Ich fahre ein Taxi, das ich echt klasse finde, denn es ist genau wie ich: Es ist nicht mehr das Neueste, hat schon über 270.000 Kilometer hinter sich, einige kleine Beulen, meist nicht ganz sauber. Zudem ist es kein schicker Mercedes, sondern ein eher pragmatischer Opel.

Es gibt Fahrgäste, die bestellen bei der Funkgesellschaft ausdrücklich einen Mercedes und wenn ich an der Taxihalte stehe, steigen manche auch lieber hinter mir in den C-Klasse-Sternling ein, als bei mir. OK, das ist ihr gutes Recht. In Berlin haben die Fahrgäste die freie Taxiwahl, sie sind nicht gezwungen, das erste Taxi in der Reihe zu nehmen.

Was aber gar nicht geht ist, was ich jetzt erlebt habe: Ich stand als Einziger an der Taxihalte vor dem Hotel Radisson in Mitte. Kurz zuvor hatte ich das Auto an einer Tankstelle gewaschen. Ein Pärchen in teuren Klamotten steuerte auf mein Taxi zu, blieb dann aber zwei Meter davor stehen. Sie unterhielten sich offensichtlich über das Fahrzeug. Dann klopfte der Mann an die Scheibe und stellte die etwas dumme Frage, ob ich denn das einzige Taxi hier wäre.
Ich blieb aber freundlich und antwortete: “Wenn kein anderes hinter mir steht, dann anscheinend ja.”
“Hm.” Er war sich unsicher, ich mir jetzt auch. Hatte ich etwa vergessen, das Taxischild anzuschalten? Aber nein, es leuchtete.
Dann sagte er: “Rufen Sie uns bitte ein Taxi”.
“Warum sollte ich das tun? Sie stehen schon vor einem, ich fahre Sie gerne.”
“Nein, ich meinte ein richtiges Taxi. Nicht so ein…” Er sprach nicht weiter, aber ich sah schon an seinem Gesichtsausdruck, dass er sich zu fein war, in einen ordinären Opel einzusteigen.
Da ich nicht antwortete, wiederholte er seine Bitte. Ich antwortete nur “Rufen Sie doch selber an”, und schloss das Fenster.

Man mag mir vorwerfen, eingeschnappt gewesen zu sein. Aber wenn ihm mein Wagen nicht schick genug war, musste er sich schon selber um eine Alternative kümmern.
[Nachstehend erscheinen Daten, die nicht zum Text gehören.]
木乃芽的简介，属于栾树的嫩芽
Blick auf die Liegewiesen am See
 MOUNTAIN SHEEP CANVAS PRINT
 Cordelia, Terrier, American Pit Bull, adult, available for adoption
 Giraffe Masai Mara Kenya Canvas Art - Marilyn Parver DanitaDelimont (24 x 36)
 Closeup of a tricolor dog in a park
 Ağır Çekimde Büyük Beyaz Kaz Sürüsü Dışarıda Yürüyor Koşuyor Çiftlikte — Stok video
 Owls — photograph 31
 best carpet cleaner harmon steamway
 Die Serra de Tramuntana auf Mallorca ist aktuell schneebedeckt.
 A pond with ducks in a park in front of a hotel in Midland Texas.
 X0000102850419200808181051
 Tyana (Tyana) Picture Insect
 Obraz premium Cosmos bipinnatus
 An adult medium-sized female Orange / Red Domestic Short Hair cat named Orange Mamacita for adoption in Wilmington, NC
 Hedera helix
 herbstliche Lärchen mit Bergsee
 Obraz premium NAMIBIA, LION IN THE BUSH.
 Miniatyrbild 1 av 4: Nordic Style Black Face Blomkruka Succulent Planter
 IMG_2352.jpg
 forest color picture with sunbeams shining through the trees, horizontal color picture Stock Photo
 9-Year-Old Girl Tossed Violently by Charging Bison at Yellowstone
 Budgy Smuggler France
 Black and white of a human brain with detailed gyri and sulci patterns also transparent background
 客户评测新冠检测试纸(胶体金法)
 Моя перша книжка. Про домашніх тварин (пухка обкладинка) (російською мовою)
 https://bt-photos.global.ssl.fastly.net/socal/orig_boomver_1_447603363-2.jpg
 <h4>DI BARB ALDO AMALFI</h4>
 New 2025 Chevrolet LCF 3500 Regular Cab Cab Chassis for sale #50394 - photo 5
Zumal ich sowieso keinen Funk habe und per Telefon anrufen müsste. Das konnte er dann auch selber tun.
Ich würde das machen, wenn es jemand gewesen wäre, der wirklich ein anderes Taxi braucht, weil er z.B. einen Elektrorollstuhl fährt. Aber jemanden damit zu beauftragen, mit dem man sich gleichzeitig weigert mitzufahren, das mache ich nicht mit.

Mittlerweile warteten zwei andere Fahrgäste, als hinter mir ein Mercedes-Taxi an die Halte fuhr. Einer der anderen stieg dort ein, der zweite dann bei mir und bescherte mir eine schöne Fahrt nach Zehlendorf.
Nur das feine Pärchen stand noch vor dem Hotel und wartete. Selber schuld.